Humans Using Tools
May 6, 2021 11:56 AM   Subscribe

I am trying to recall some research on humans, and maybe apes, using tools. I read this few years ago, and I'm not sure if I came across this in an academic paper, or just read a few sentences about it on some science website. I think the information had a scientific basis. The gist was that when humans use tools the tool becomes incorporated into our minds image of our body, which is why we can use tools so dang well.

A specific example I remember was driving a car — when you're driving, the whole car sorta becomes an extension of your body in that you can understand where it is in relation to the world around it to a surprising extent.

Is this a real concept or principal in the scientific community? Did I come up with this in some kind of fevered dream?
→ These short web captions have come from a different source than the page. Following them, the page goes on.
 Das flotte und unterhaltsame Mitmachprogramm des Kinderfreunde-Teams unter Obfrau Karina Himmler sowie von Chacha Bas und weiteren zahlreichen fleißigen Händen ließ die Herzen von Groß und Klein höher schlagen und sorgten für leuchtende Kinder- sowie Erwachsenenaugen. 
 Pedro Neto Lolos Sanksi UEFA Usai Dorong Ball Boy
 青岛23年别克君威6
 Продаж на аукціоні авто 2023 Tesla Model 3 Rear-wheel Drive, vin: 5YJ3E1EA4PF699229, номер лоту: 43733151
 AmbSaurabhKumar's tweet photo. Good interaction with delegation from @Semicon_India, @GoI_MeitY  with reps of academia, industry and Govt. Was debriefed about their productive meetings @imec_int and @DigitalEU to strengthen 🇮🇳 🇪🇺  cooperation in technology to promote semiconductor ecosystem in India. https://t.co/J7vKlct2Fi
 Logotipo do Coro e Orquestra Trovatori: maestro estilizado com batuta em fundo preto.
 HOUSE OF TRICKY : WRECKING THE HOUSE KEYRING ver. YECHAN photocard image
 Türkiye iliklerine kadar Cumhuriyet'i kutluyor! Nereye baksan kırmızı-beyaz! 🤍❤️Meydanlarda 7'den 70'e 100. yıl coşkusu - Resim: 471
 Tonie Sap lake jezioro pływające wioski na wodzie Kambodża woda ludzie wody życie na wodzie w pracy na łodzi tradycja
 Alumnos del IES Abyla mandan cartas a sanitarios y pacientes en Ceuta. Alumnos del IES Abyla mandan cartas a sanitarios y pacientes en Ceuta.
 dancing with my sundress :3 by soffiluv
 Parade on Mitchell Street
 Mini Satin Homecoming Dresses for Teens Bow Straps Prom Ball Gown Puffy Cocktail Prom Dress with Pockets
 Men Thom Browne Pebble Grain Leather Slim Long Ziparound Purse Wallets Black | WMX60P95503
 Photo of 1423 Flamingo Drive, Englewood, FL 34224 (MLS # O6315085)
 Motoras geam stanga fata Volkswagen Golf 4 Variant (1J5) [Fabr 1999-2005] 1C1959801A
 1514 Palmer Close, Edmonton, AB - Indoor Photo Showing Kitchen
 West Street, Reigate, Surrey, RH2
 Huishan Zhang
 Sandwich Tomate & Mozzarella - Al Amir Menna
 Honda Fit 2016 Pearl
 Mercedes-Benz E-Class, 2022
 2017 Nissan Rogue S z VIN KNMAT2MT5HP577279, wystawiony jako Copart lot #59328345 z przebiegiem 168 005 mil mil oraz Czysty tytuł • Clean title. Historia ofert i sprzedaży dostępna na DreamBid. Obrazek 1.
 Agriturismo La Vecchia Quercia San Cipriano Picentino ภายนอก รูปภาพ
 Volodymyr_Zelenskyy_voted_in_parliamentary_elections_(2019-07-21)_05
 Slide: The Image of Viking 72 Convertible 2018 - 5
Any material on this idea, if it exists, would be greatly appreciated!
posted by TurnKey to Science & Nature (10 answers total) 6 users marked this as a favorite
A bit of a long shot, but the comic artist Scott McCloud used the car example to describe the concept as 'closure' in one of his books - like when you're rear ended, you shout "Hey, he hit me!" you don't shout "Hey, his vehicle hit my vehicle!".
posted by Think_Long at 12:04 PM on May 6, 2021

Sounds like the extended mind thesis.
posted by catquas at 12:18 PM on May 6, 2021 [1 favorite]

Actually on second look, maybe something more like this article.
posted by catquas at 12:22 PM on May 6, 2021 [1 favorite]

Best answer: This is a classical neuroscience thing and you can try learning more about the term "body schema" , "an unconscious but constantly updated brain map of positions, body shape and posture" (Thomas Metzinger, The Ego Tunnel - you might like it!). When you use a tool, the tool gets incorporated into that schema. (A digging stick, a computer mouse or, yes, a car).

Body schema was coined 1911 by Henry Head and Gordon Holmes, British neurologists.

There is a lot of Macaque research, among others by Atsoshi Iriki ("Tools for the Body Schema" and "Coding of Modified Body Schema During Tool Use"). You might also like reading about the Rubber Hand Experiment (by Botvinick and Cohen).

I definitely remember reading about the car example (just as an example, not experiment) in a neuroscience book, but can't for the life of me remember which one.
posted by Omnomnom at 12:25 PM on May 6, 2021 [3 favorites]

Best answer: "Body-brain mapping" plus "tool use" might also be a useful search term.

Like here:
"Functional Brain Mapping of Monkey Tool Use"
posted by Omnomnom at 12:41 PM on May 6, 2021 [1 favorite]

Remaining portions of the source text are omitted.